This section benchmarks multiple TensorFlow models - ResNet50, MobileNetV2, and InceptionV3 - using dummy input data. You’ll measure average inference time and throughput for each model running on the CPU of your Arm-based Google Cloud Platform (GCP) VM.
TensorFlow Keras (tf.keras) is TensorFlow’s high-level API for building, training, and benchmarking deep learning models. It provides access to predefined architectures such as ResNet, MobileNet, and Inception, making it easy to evaluate model performance on different hardware setups.
Enable your isolated Python environment where TensorFlow is installed:
source ~/tf-venv/bin/activate
python -c "import tensorflow as tf; print(tf.__version__)"
This ensures that all TensorFlow-related packages run in a clean, controlled setup without affecting system-wide Python installations.
Install TensorFlow and NumPy for model creation and benchmarking:
pip install tensorflow==2.20.0 numpy
These packages are likely already installed from previous steps. NumPy supports efficient numerical operations, while TensorFlow handles deep learning workloads.
Use an editor to create a Python script named tf_cpu_benchmark.py that will run TensorFlow model benchmarking tests.
Add the following code to benchmark three different model architectures:
import tensorflow as tf
import time
# List of models to benchmark
models = {
"ResNet50": tf.keras.applications.ResNet50,
"MobileNetV2": tf.keras.applications.MobileNetV2,
"InceptionV3": tf.keras.applications.InceptionV3
}
batch_size = 32
num_runs = 50
for name, constructor in models.items():
print(f"\nBenchmarking {name}...")
# Create model without pretrained weights
model = constructor(weights=None, input_shape=(224,224,3))
# Generate dummy input
dummy_input = tf.random.uniform([batch_size, 224, 224, 3])
# Warm-up
_ = model(dummy_input)
# Benchmark
start = time.time()
for _ in range(num_runs):
_ = model(dummy_input)
end = time.time()
avg_time = (end - start) / num_runs
throughput = batch_size / avg_time
print(f"{name} average inference time per batch: {avg_time:.4f} seconds")
print(f"{name} throughput: {throughput:.2f} images/sec")
This script creates model instances without pretrained weights for fair CPU testing, generates random image data for inference, includes a warm-up phase to stabilize model performance, and measures inference time over 50 runs to calculate average performance and throughput.

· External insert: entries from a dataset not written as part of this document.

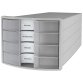 HAN IMPULS A4/C4 Plastic, Polystyrene Grey, Translucent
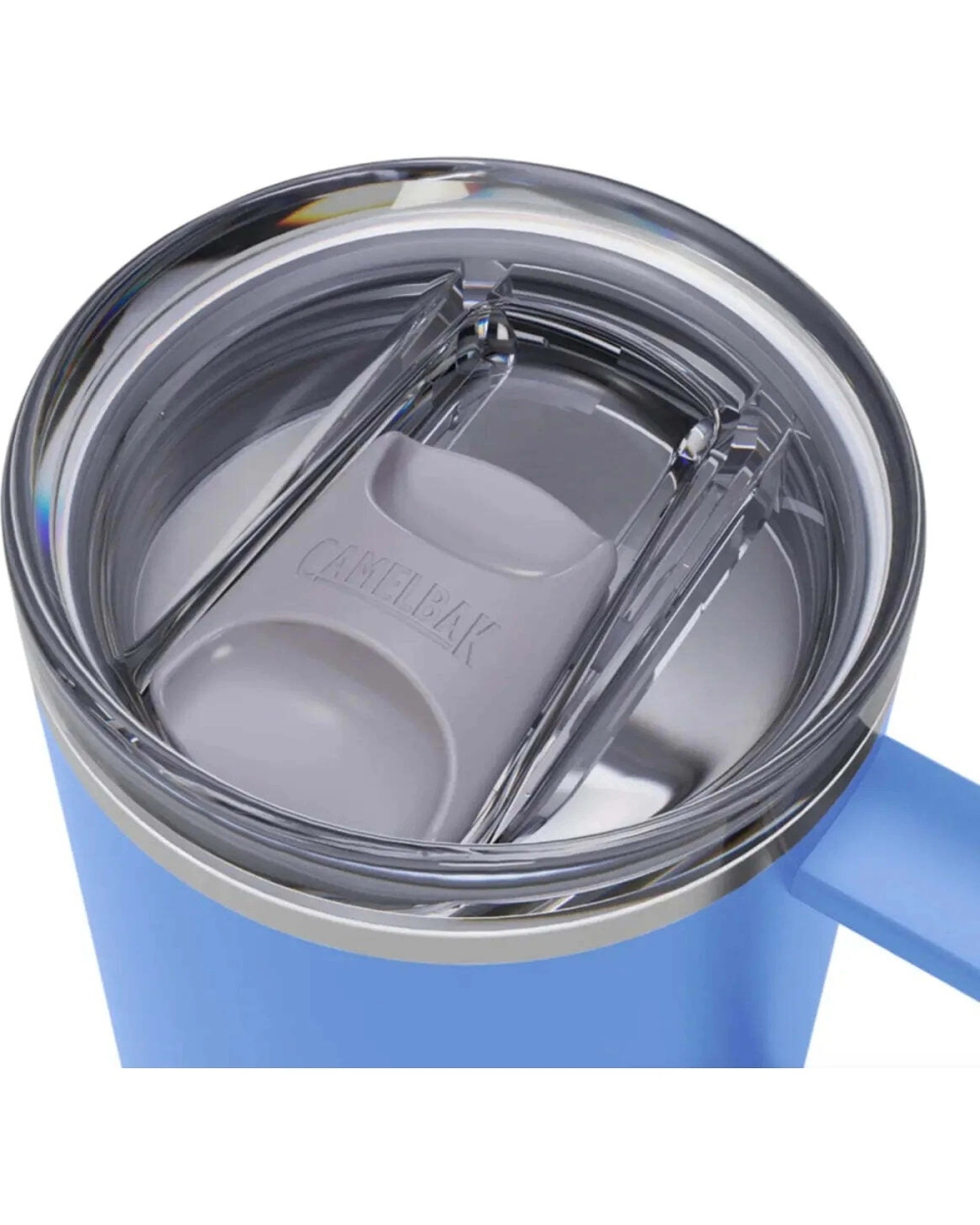 2 Camelbak Thrive Insulated Stainless Steel Leakproof Mug Soft Handle 500ml Sky - Blue, 2 of 4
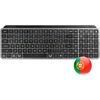 Mars Gaming kompaktiška belaidė klaviatūra su skaitmeniniu bloku, Bluetooth 5.1, MKSILENKEYSPT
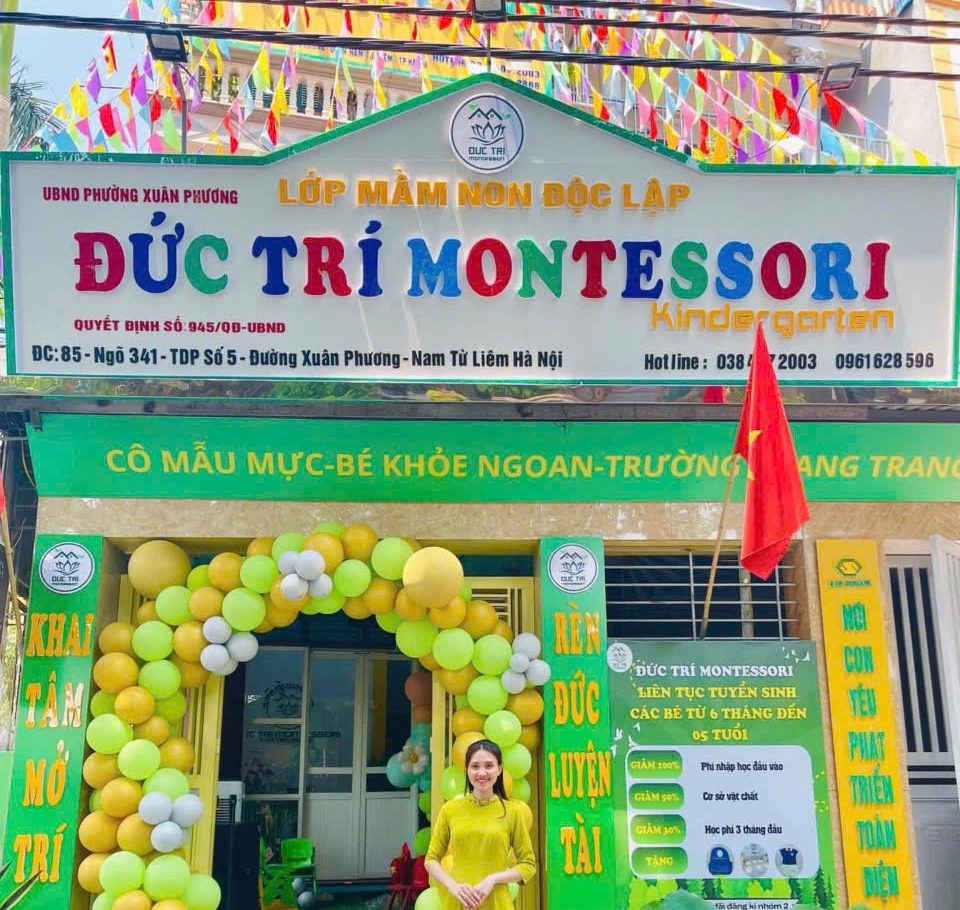 Mẫu Bảng Hiệu Mầm Non Đẹp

Execute the benchmarking script:
python tf_cpu_benchmark.py
The output is similar to:
Benchmarking ResNet50...
ResNet50 average inference time per batch: 1.2051 seconds
ResNet50 throughput: 26.55 images/sec
Benchmarking MobileNetV2...
MobileNetV2 average inference time per batch: 0.2909 seconds
MobileNetV2 throughput: 110.02 images/sec
Benchmarking InceptionV3...
InceptionV3 average inference time per batch: 0.8971 seconds
InceptionV3 throughput: 35.67 images/sec
The benchmark provides key performance metrics. Average inference time per batch measures how long it takes to process one batch of input data, with lower values indicating faster performance. Throughput shows how many images the model can process per second, with higher values indicating better efficiency.
The following table shows results from running the benchmark on a c4a-standard-4 (4 vCPU, 16 GB memory) aarch64 VM in Google Cloud Platform (GCP) using SUSE Linux Enterprise Server (SLES):
| Model | Average Inference Time per Batch (seconds) | Throughput (images/sec) |
|---|---|---|
| ResNet50 | 1.2051 | 26.55 |
| MobileNetV2 | 0.2909 | 110.02 |
| InceptionV3 | 0.8971 | 35.67 |
The results show strong performance for lightweight CNNs like MobileNetV2, achieving over 110 images/sec on the aarch64 platform. Medium-depth models like InceptionV3 maintain balanced performance between accuracy and latency. Heavier architectures such as ResNet50 show longer inference times but deliver stable throughput.
You have successfully benchmarked TensorFlow models on your Arm-based VM. This demonstrates the efficiency and scalability of Arm platforms for deep learning workloads - great job!